Understanding Diversions: The Water Column

A water column illustrates a top-to-bottom cross section of a body of water, plus its sediment particles - something like a rock core sample for water. In the case of the Mississippi River, the body of water perhaps most important to Louisiana's coastal wetlands, a water column contains billions upon billions of sediment particles.

Historically, this river changed course periodically, forming new land in different locations. Each year, during spring flooding, water levels overtopped the river banks, depositing sediment into the adjacent coastal wetlands. Today, the river's course is fixed and levees have replaced the river banks, preventing sediment from reaching the wetlands.

As the Caernarvon Freshwater Diversion Structure has shown, diverting fresh water before it gets to the Gulf is a highly productive method of protecting and restoring coastal marsh. But understanding how and why Caernarvon works, and applying that knowledge to future diversions, hinges on understanding the water column.

Using the Column in Freshwater Diversions

In freshwater diversions, like Caernarvon and the Davis Pond Structure currently under construction, water is diverted from the upper portions of the water column. This approach limits the amount of sediment entering the diversion outfall area while lowering salt levels and strengthening nearby freshwater marsh and plant life.

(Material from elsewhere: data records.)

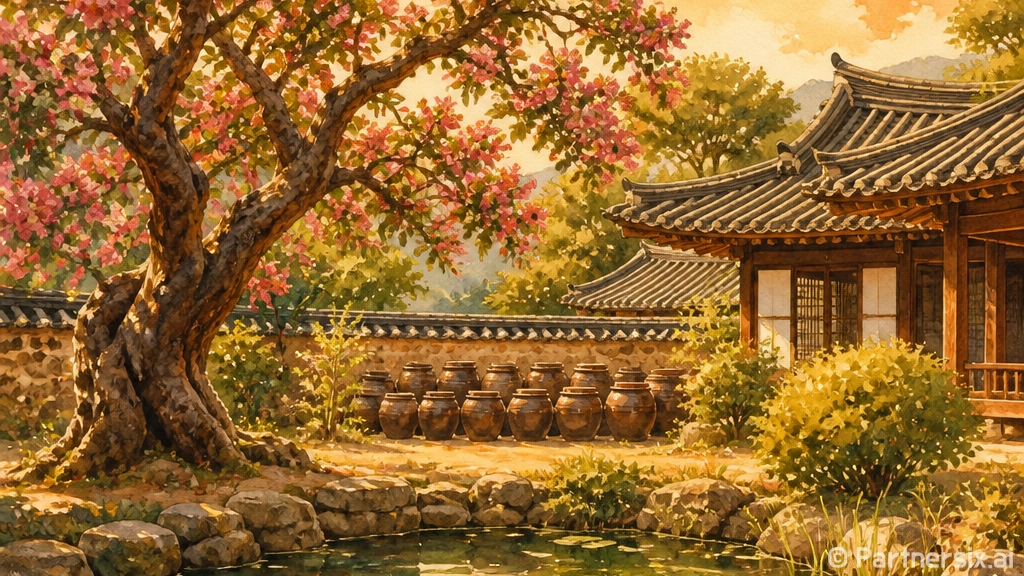 분홍빛 배롱나무와 고택의 여름 산책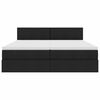 vidaXL Saugos lova su čiužiniu Juoda 200 x 200 cm Dirbtinė oda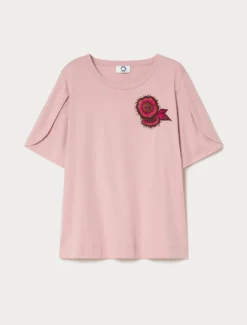 T-shirt in jersey di cotone - ROSA ANTICO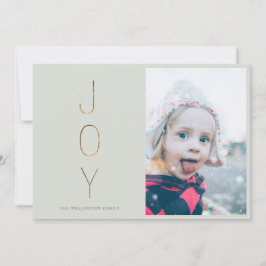Golden JOY Modern Foto Holiday Card | Feiertagskarte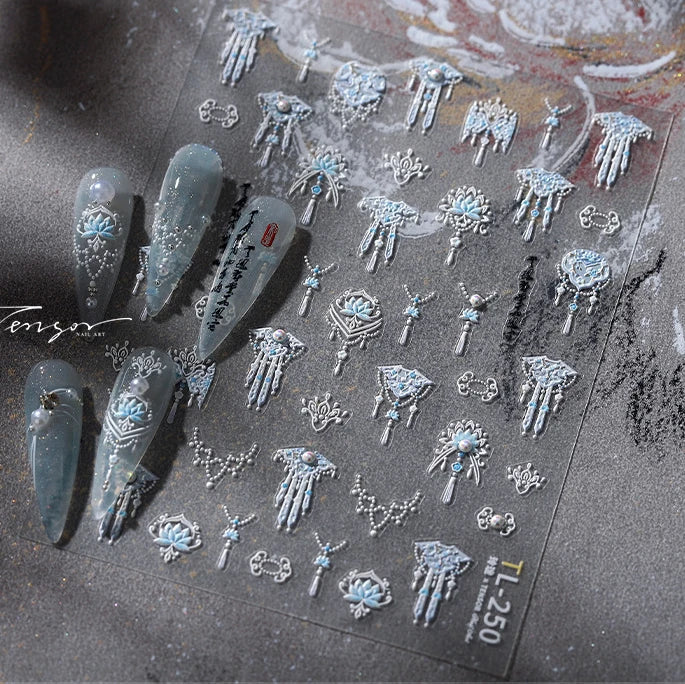 Yunjin Brocade Shawl Tassel Pendant Traditional Chinese Costumes and Ornaments Self Adhesive Nail Art Stickers Manicure Decals (ONLINE ORDER ONLY)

The added growth, death and decay of plants does contribute to a base for new marsh to grow upon.

Using the Column in Sediment Diversions

In a sediment diversion, sediment and water are both diverted from lower parts of the water column. A greater amount of sediment enters the outfall area. As the diverted sediment accumulates (or accretes), new marsh is formed. The accompanying fresh water helps offset saltwater intrusion into the new marsh and provides a steady stream of nutrients to the newly formed marsh. Sediment diversion is a much more expensive process than freshwater diversion.

A cross section of a river's water column.

Freshwater Layers

This area of the water column is typically free of larger sediment particles. While sediment exists in the upper parts of the column, it is finer material like silts and clays -- materials with extremely small diameters.

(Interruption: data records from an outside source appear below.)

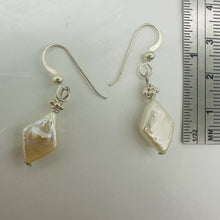 Load image into Gallery viewer, White Freshwater Pearl Dangle Earrings Sterling Silver 14x10mm 1.25 Inch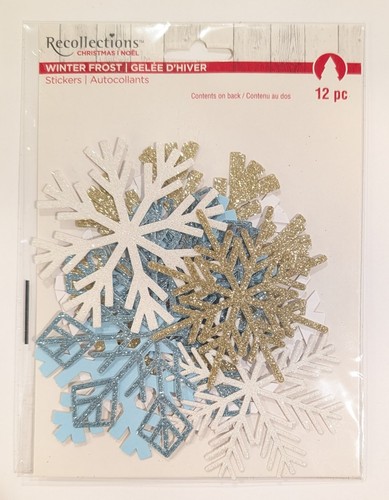 Winter Frost Glitter Snowflakes Die Cut Scrapbooking Stickers Recollections RARE - Picture 1 of 3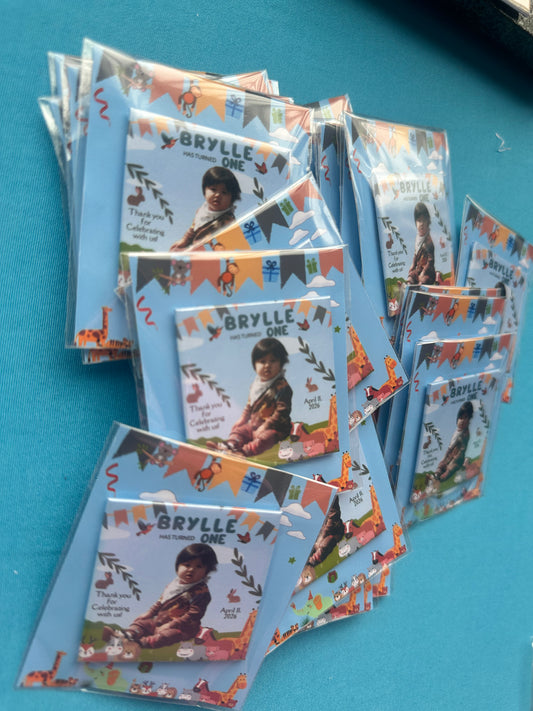 custom birthday event giveaway custom photo magnet handcrafted in Dunedin, New Zealand – FridgeIT Moments, party favors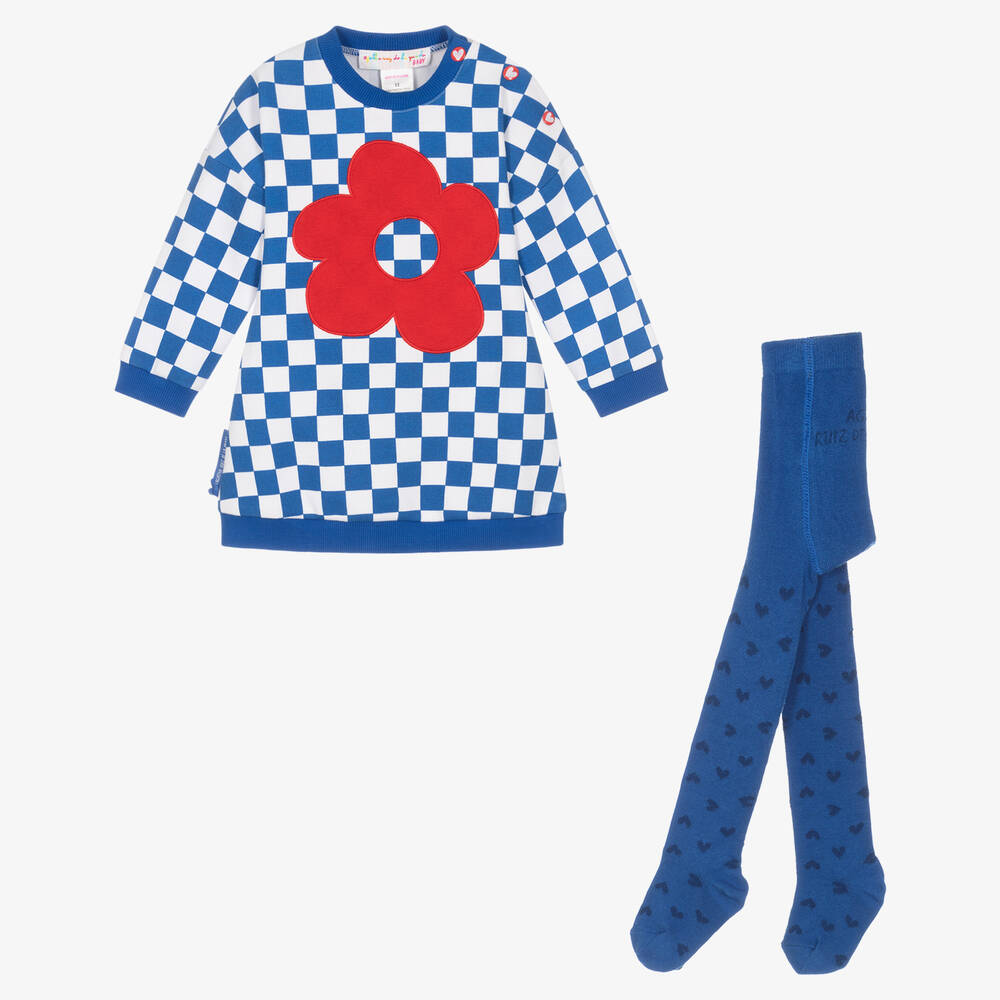 Agatha Ruiz de la Prada - Blaues Karokleid & Strumpfhosen Set | Childrensalon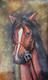 Brown Horse 3 (FR_1523_61602) - Framed Handmade Painting - 12in X 23in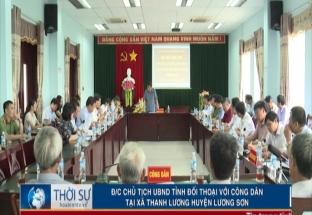Chủ tịch UBND tỉnh đối thoại với công dân tại xã Thanh Lương huyện Lương Sơn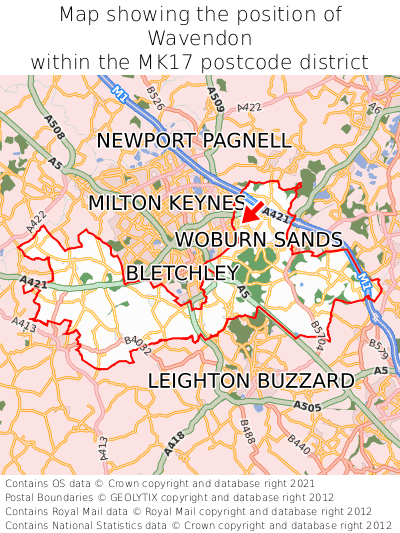 Map showing location of Wavendon within MK17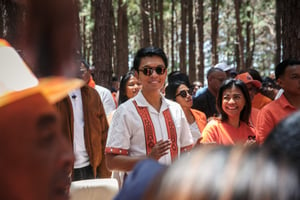 Le président sortant Andry Rajoelina, le 10 octobre 2023, à Antananarivo. © RIJASOLO / AFP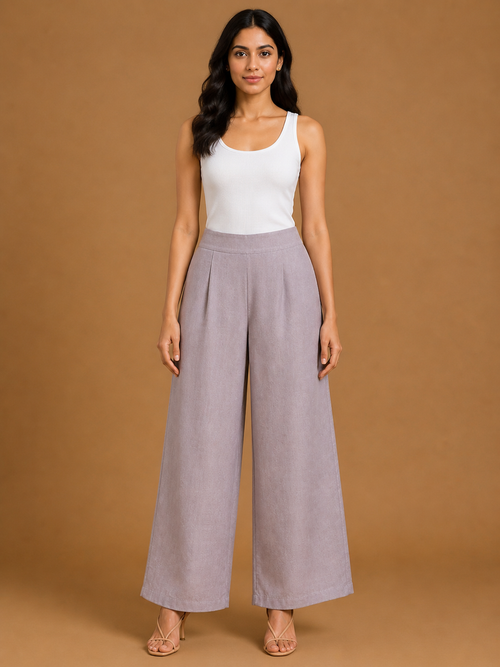 Light Mauve Relaxed Fit Linen Trouser
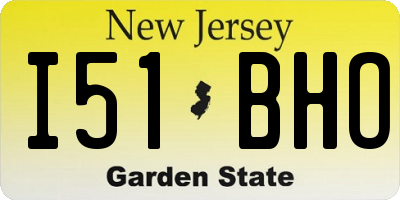 NJ license plate I51BHO
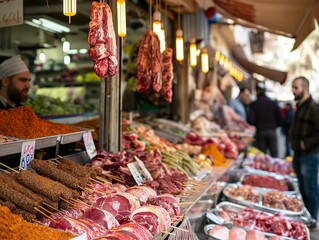 A butcher shop with a variety of meats on display. The shop is crowded with people, some of whom are looking at the meat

It's important to note that the river's turbulence promotes mixing between the layers. As a result, there is never an even gradation between layers.

Sediment Layers

The larger particles tend to be located in the lower parts of the column and are predominantly sand. The concentration of sand within the column is generally lowest at the top of the column and highest just above the river's bottom (the riverbed).

Riverbed

In the bottom of the river, the "bedload" travels toward the Gulf of Mexico, where most of it is deposited in deep water beyond the continental shelf.